Task goal
Copy every entry in the listing below exactly, but not the pictures.

Material provided
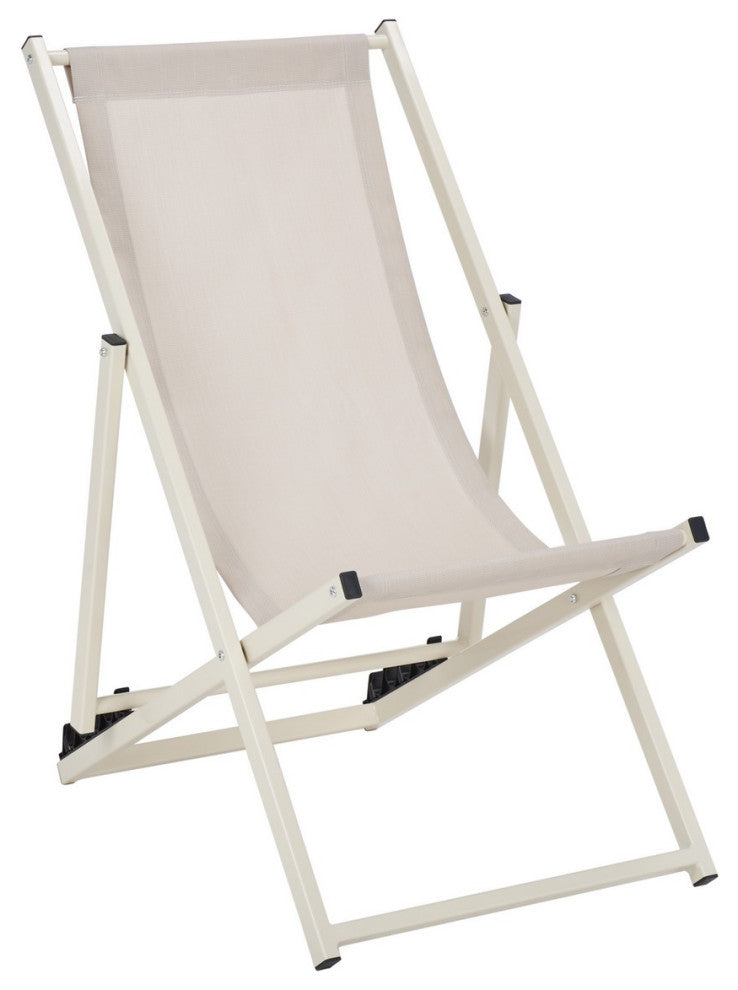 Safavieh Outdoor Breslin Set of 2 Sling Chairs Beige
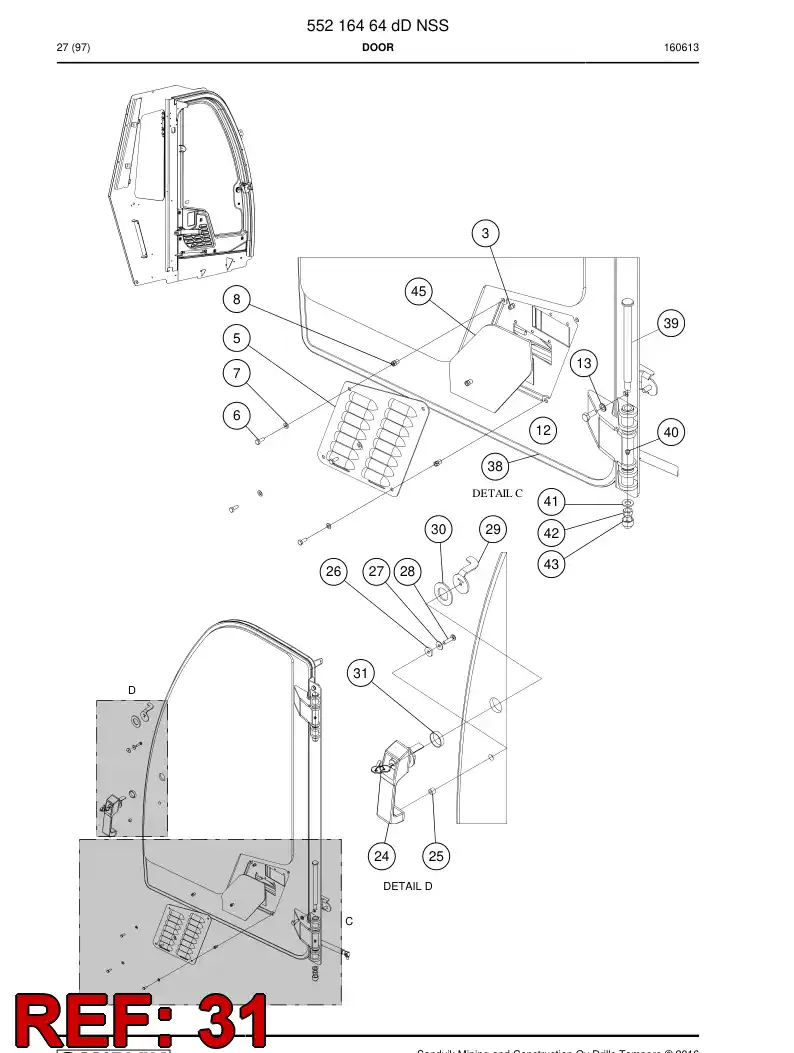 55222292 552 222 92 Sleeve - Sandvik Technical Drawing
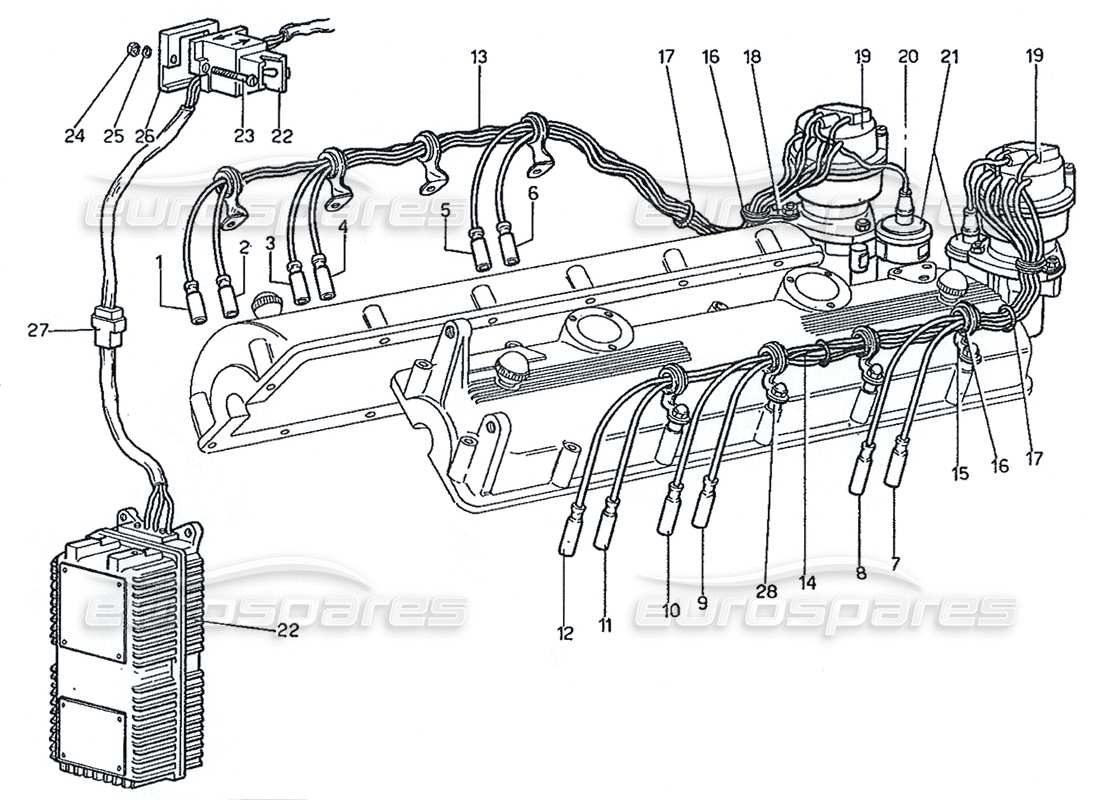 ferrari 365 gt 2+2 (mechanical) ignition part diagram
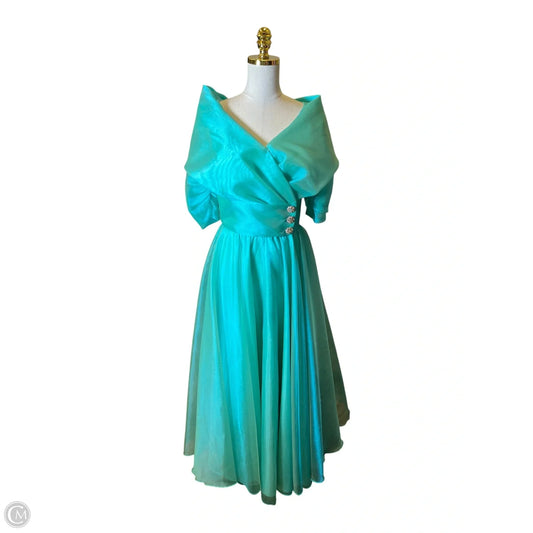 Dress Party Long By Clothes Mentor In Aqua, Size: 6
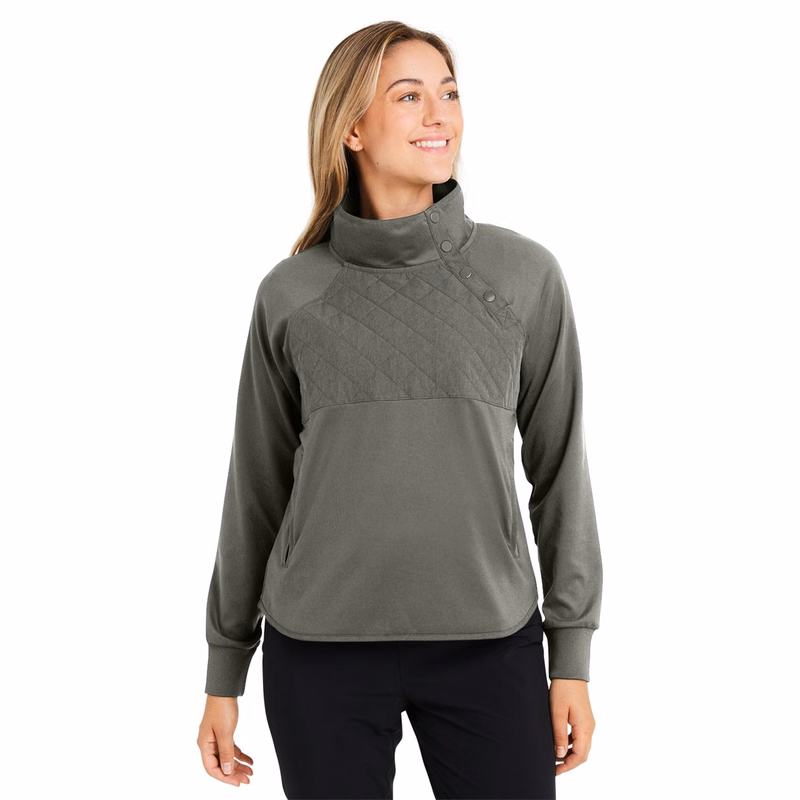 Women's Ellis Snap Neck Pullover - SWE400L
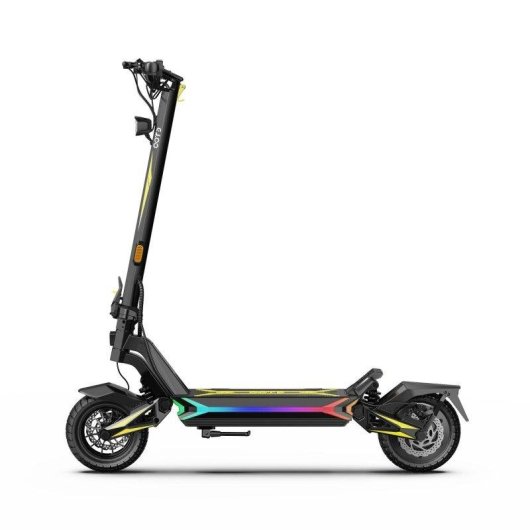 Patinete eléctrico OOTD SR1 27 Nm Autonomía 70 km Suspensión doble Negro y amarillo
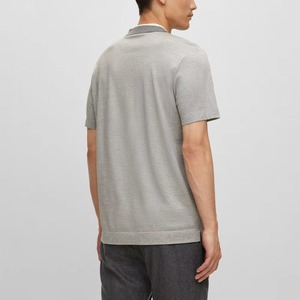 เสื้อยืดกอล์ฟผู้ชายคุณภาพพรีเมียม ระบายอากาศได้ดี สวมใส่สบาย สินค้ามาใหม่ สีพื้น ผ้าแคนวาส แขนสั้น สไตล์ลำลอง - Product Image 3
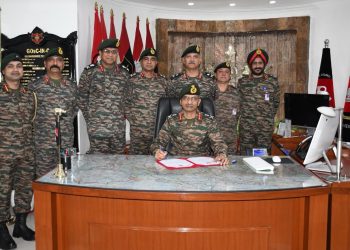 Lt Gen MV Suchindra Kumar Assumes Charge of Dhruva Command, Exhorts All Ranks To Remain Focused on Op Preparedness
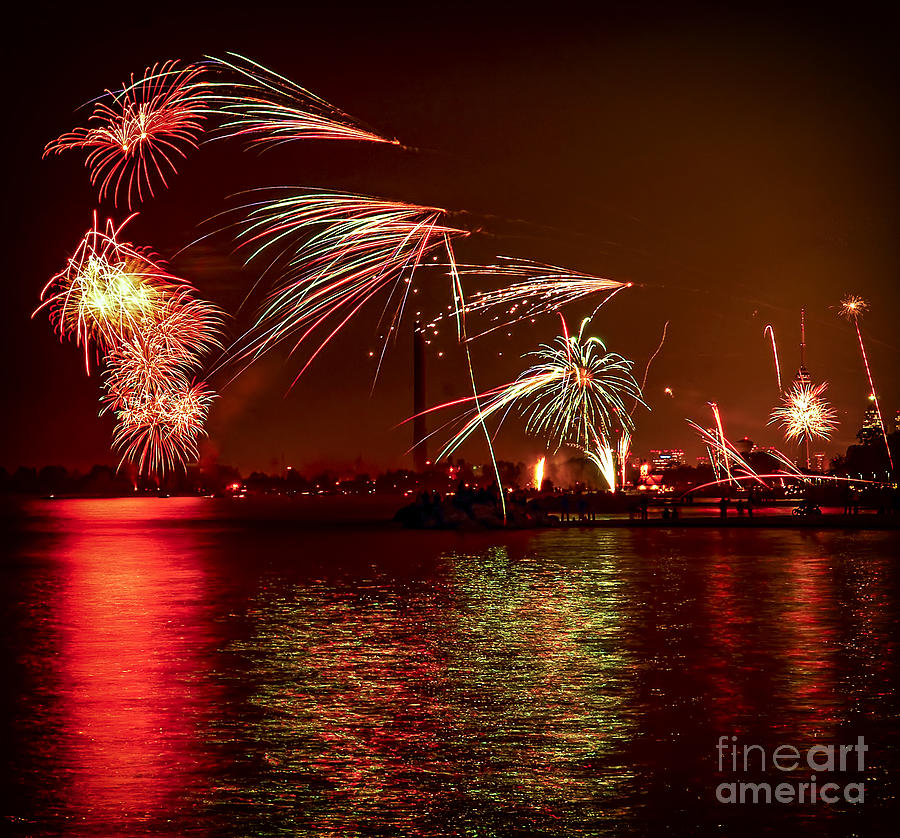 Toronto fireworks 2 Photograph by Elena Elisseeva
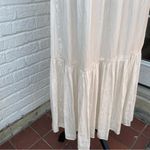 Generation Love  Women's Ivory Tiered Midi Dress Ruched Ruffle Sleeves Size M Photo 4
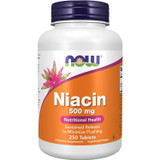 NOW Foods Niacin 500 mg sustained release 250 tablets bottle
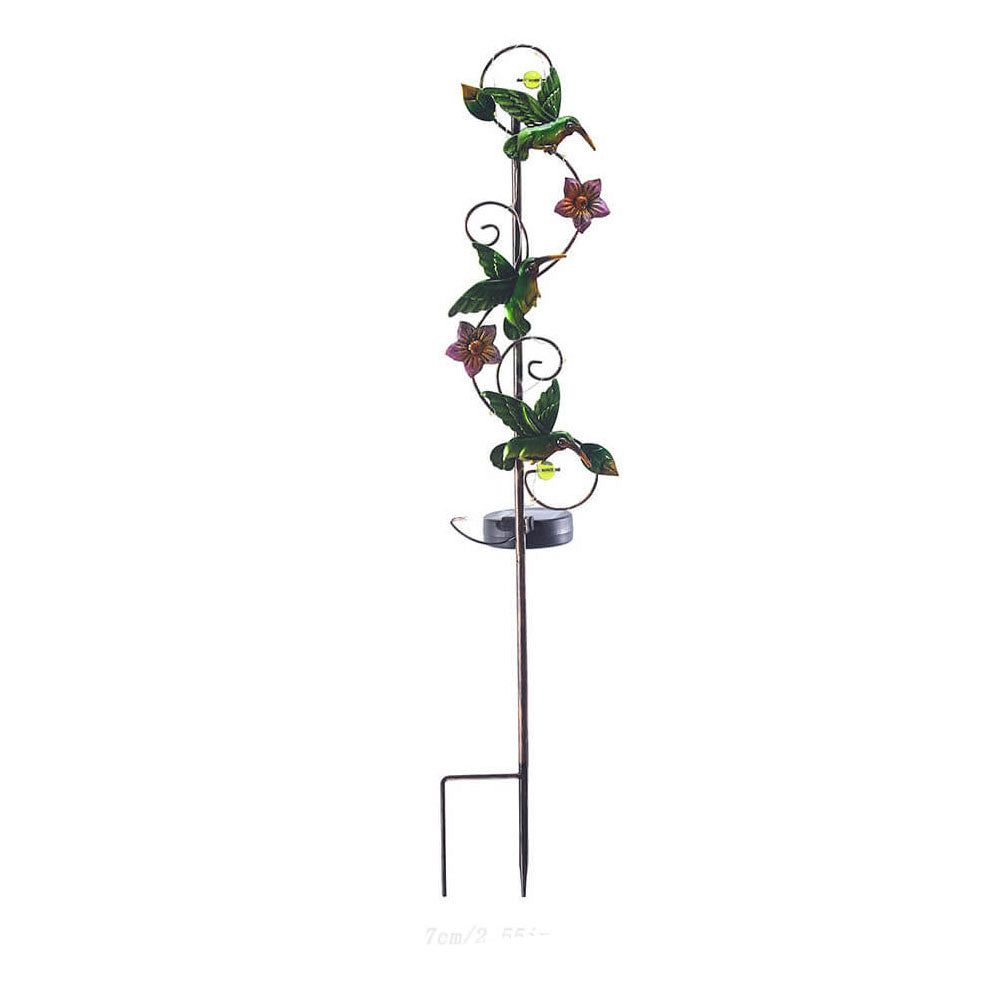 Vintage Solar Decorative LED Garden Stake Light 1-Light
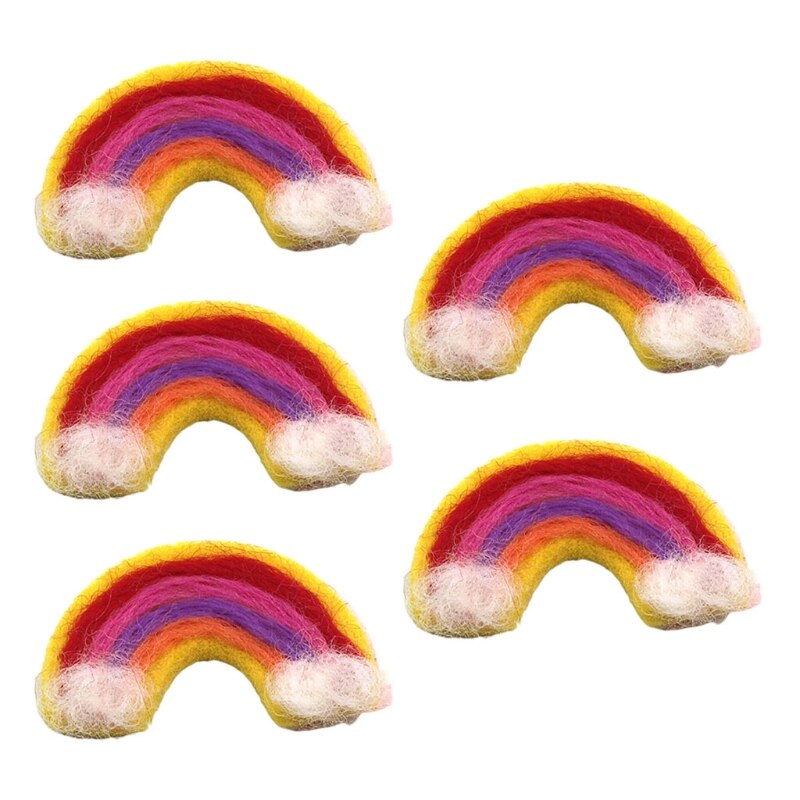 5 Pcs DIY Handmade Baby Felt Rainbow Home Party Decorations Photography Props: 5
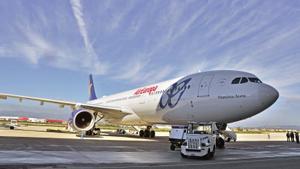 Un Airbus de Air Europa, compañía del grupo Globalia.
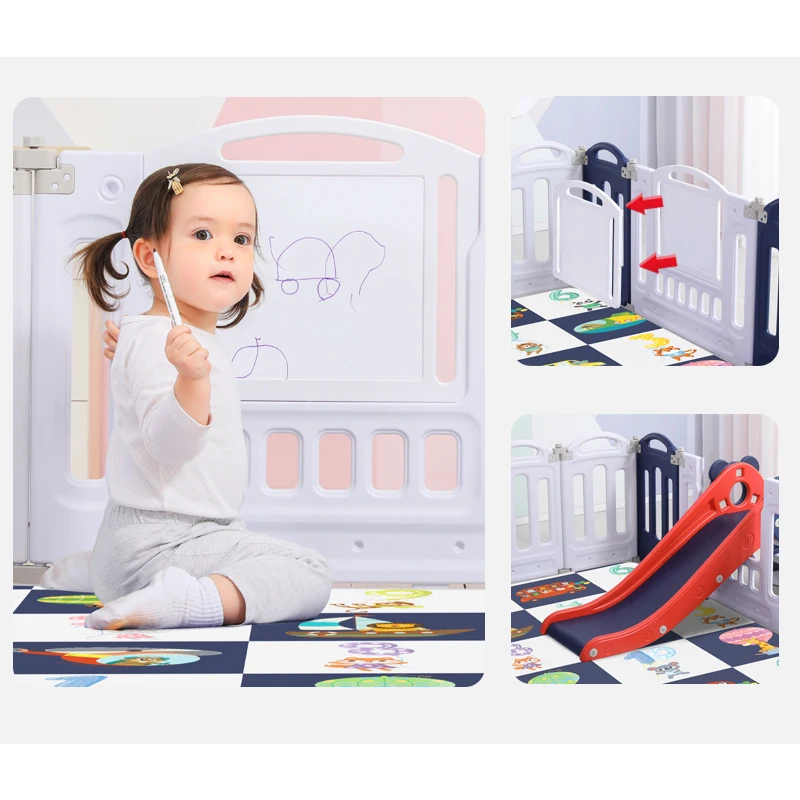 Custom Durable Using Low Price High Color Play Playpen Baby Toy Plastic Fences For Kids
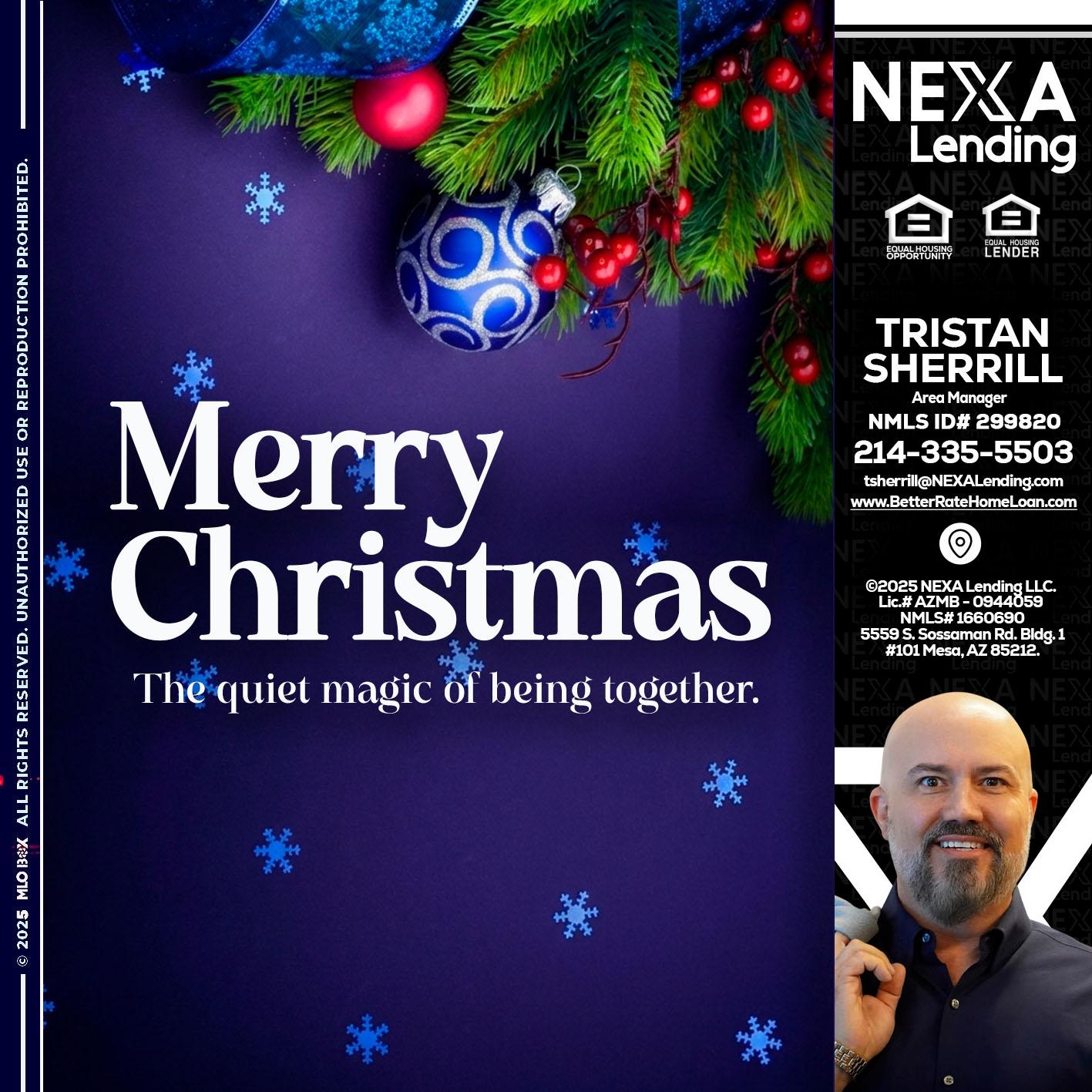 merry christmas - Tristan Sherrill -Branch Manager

The completed task
 Safavieh Outdoor Breslin Set of 2 Sling Chairs Beige
 55222292 552 222 92 Sleeve - Sandvik Technical Drawing
 ferrari 365 gt 2+2 (mechanical) ignition part diagram
 Dress Party Long By Clothes Mentor In Aqua, Size: 6
 Women's Ellis Snap Neck Pullover - SWE400L
 Patinete eléctrico OOTD SR1 27 Nm Autonomía 70 km Suspensión doble Negro y amarillo
 เสื้อยืดกอล์ฟผู้ชายคุณภาพพรีเมียม ระบายอากาศได้ดี สวมใส่สบาย สินค้ามาใหม่ สีพื้น ผ้าแคนวาส แขนสั้น สไตล์ลำลอง - Product Image 3
 Lt Gen MV Suchindra Kumar Assumes Charge of Dhruva Command, Exhorts All Ranks To Remain Focused on Op Preparedness
 Toronto fireworks 2 Photograph by Elena Elisseeva
 Generation Love  Women's Ivory Tiered Midi Dress Ruched Ruffle Sleeves Size M Photo 4
 NOW Foods Niacin 500 mg sustained release 250 tablets bottle
 Vintage Solar Decorative LED Garden Stake Light 1-Light
 5 Pcs DIY Handmade Baby Felt Rainbow Home Party Decorations Photography Props: 5
 Un Airbus de Air Europa, compañía del grupo Globalia.
 Custom Durable Using Low Price High Color Play Playpen Baby Toy Plastic Fences For Kids
 merry christmas - Tristan Sherrill -Branch Manager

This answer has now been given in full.